Corruption Remains Rampant: UNESCO
Bribery and graft in schools and universities is seriously undermining education systems worldwide and costing governments billions of dollars, according to a new report funded by UNESCO.
The report, "Corrupt schools, corrupt universities: What can be done?", by Unesco's International Institute for Educational Planning into Ethics and Corruption, says that in some countries, leakage of education funding from ministries to schools can represent up to 80 percent, not counting salaries.
Bribes and payoffs in teacher recruitment and promotion tend to lower the quality of teachers, and illegal payments for school entrance and other hidden costs contribute to low enrollment and high drop-out rates, the report adds. Higher education corruption usually takes the form of fake universities, bogus degrees and accreditation fraud. The report found the number of fake universities on the Internet offering bogus degrees had risen from 200 to 800 in 2000-04.

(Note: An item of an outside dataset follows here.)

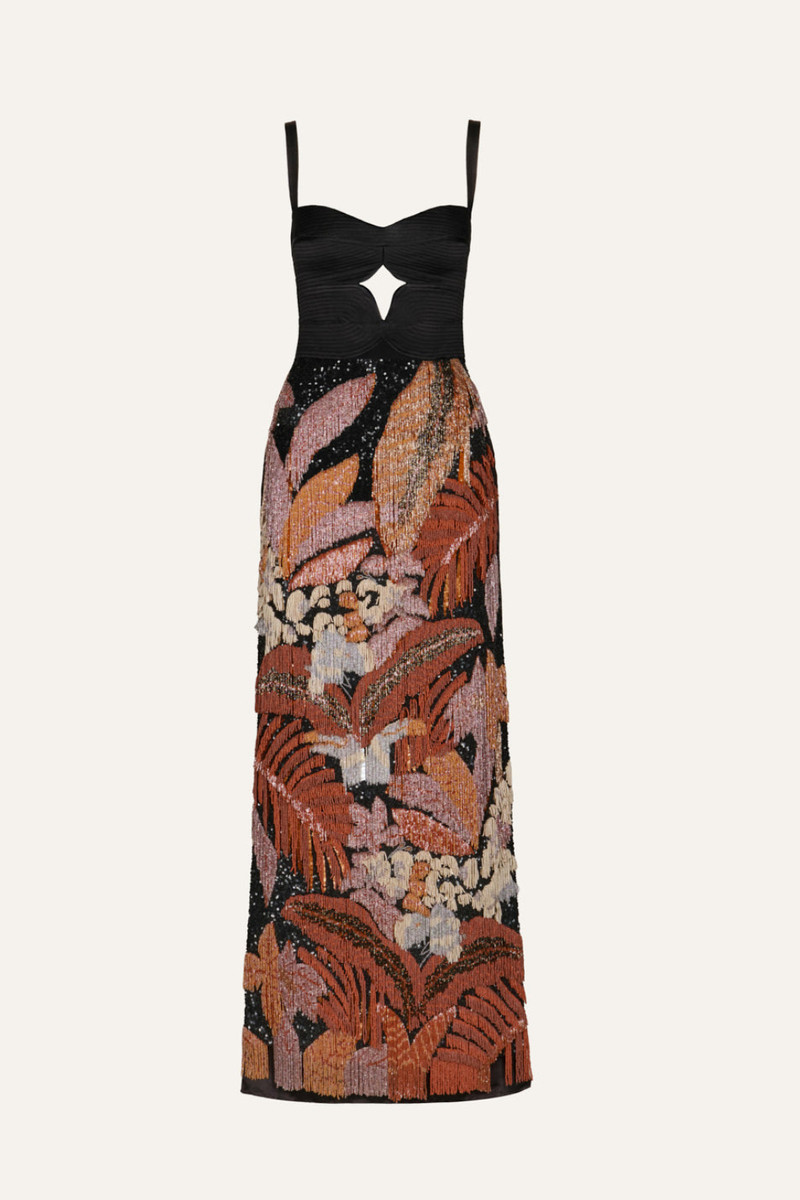Clay Tropical Heaven Dress 1
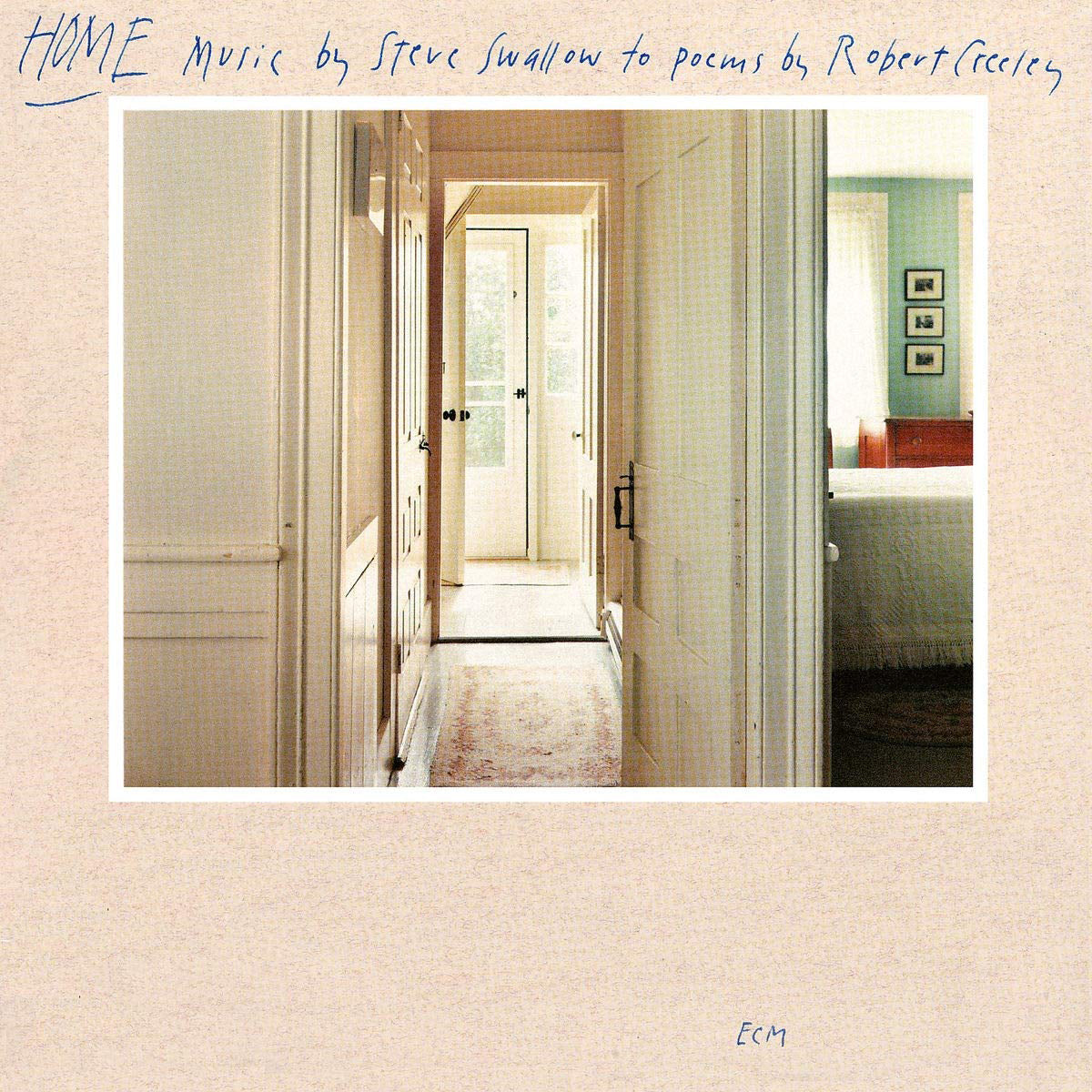 Home: Music By Steve Swallow to Poems By Robert Creeley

And in Ukraine, top-ranking officials from private universities admitted in 2005 that most licensing or accreditation applications, obligatory for the country's 175 private universities, required some form of bribery for success.
The report's authors, education specialists Jacques Hallak and Muriel Poisson, recommend clear regulations, transparent procedures and explicit policies to help combat corruption. Leadership and political will at the highest government levels were essential to free education systems from corruption, they said, as well as greater accountability and ownership of the management process.